The Red Moth is the fourth in Sam Eastland’s imaginative and singular Inspector Pekkala series featuring the uncanny Pekkala who began as the Tsar’s “Emerald Eye” and is now Stalin’s chief investigator, holder of the “Shadow Pass” that allows him access to anyone and everywhere so long as he remains in Stalin’s favor. After years in the Gulag, he does his best to do his job for Stalin while remaining his own man.
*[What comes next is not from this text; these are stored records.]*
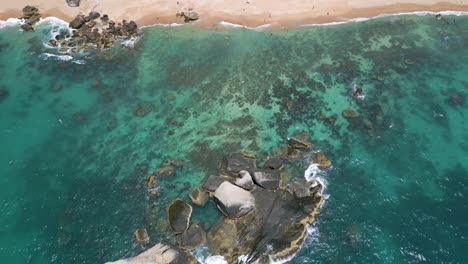 Toma-Cinematográfica-De-Una-Impresionante-Playa-En-La-Isla-De-Koh-Tao-En-Tailandia.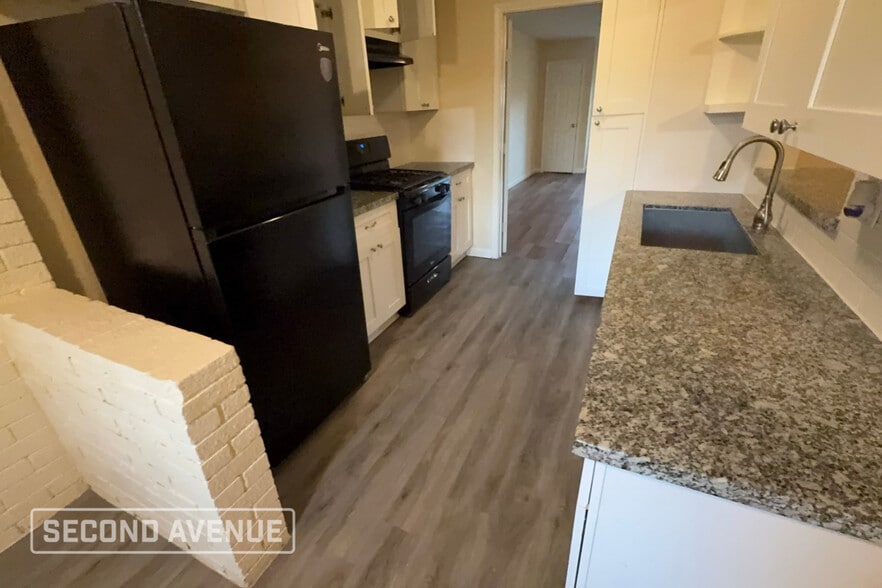 Building Photo - 501 Pamela Dr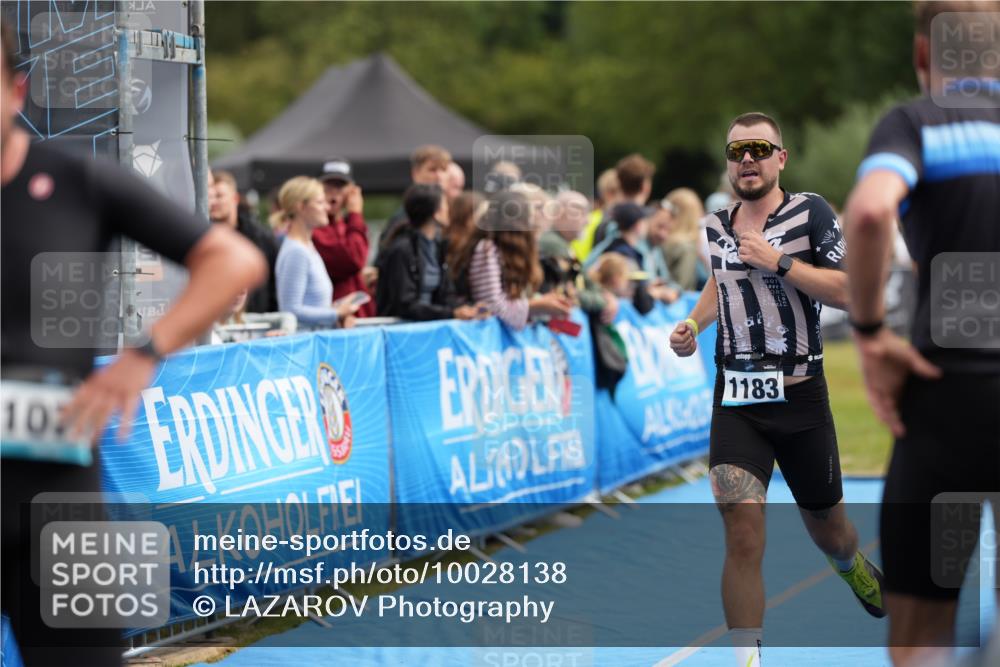 30.08.2026 - Elbe Triathlon Hamburg LAZAROV Photography http://msf.ph/oto/10028138 30.08.2026 11:29:35 Ziel 659, 749, 1078, 1183 meine-sportfotos.de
In this installment of the series, a plane is shot down with a mysterious cargo, a painting that doesn’t seem worthy of the lives it cost. Stalin tells Pekkala to figure it out and sure enough, he discovers a hidden meaning, one that suggests Hitler’s advancing army might be trying to rob the Soviet Union of one of its most valuable and irreplaceable treasures, the Amber Room that readers may remember from earlier books. Foiling their plans would require going behind the front line, passing among the Germans.

Meanwhile, back in Moscow his assistant Kirov is working to solve the murder of a man who was supposed to go with them, an old friend from Pekkala’s academy days.

I enjoyed The Red Moth as much as I hoped I would. I have read and thoroughly enjoyed the three books that precede it, “The Eye of the Tsar,” “Shadow Pass,” and “Archive 17.” Every book gives us a little more information from Pekkala’s past.

In this book, the mystery is less complex, but the jeopardy is more immediate. The Germans are advancing with alarming speed and the Soviet Army in retreat is absolute in its determination to leave them nothing. I liked that Kirov came a bit out of Pekkala’s shadow, working his own case, maybe finding romance. The ending of this book leaves us with a new mystery, one that makes me eager to read the next as soon as I can.

I like how Eastland creates this powerful sense of time and place. When it’s cold and wet and miserable, you can almost feel it in your bones. The menace of working for a tyrant like Stalin and living in a society where everyone may be ready to inform on you for something, where you never know how your secrets and your past can be used against you–the arbitrary and ever-present danger is almost suffocating and he makes it all real.

I received an Advance Reading Copy of The Red Moth from the publisher through a LibraryThing drawing.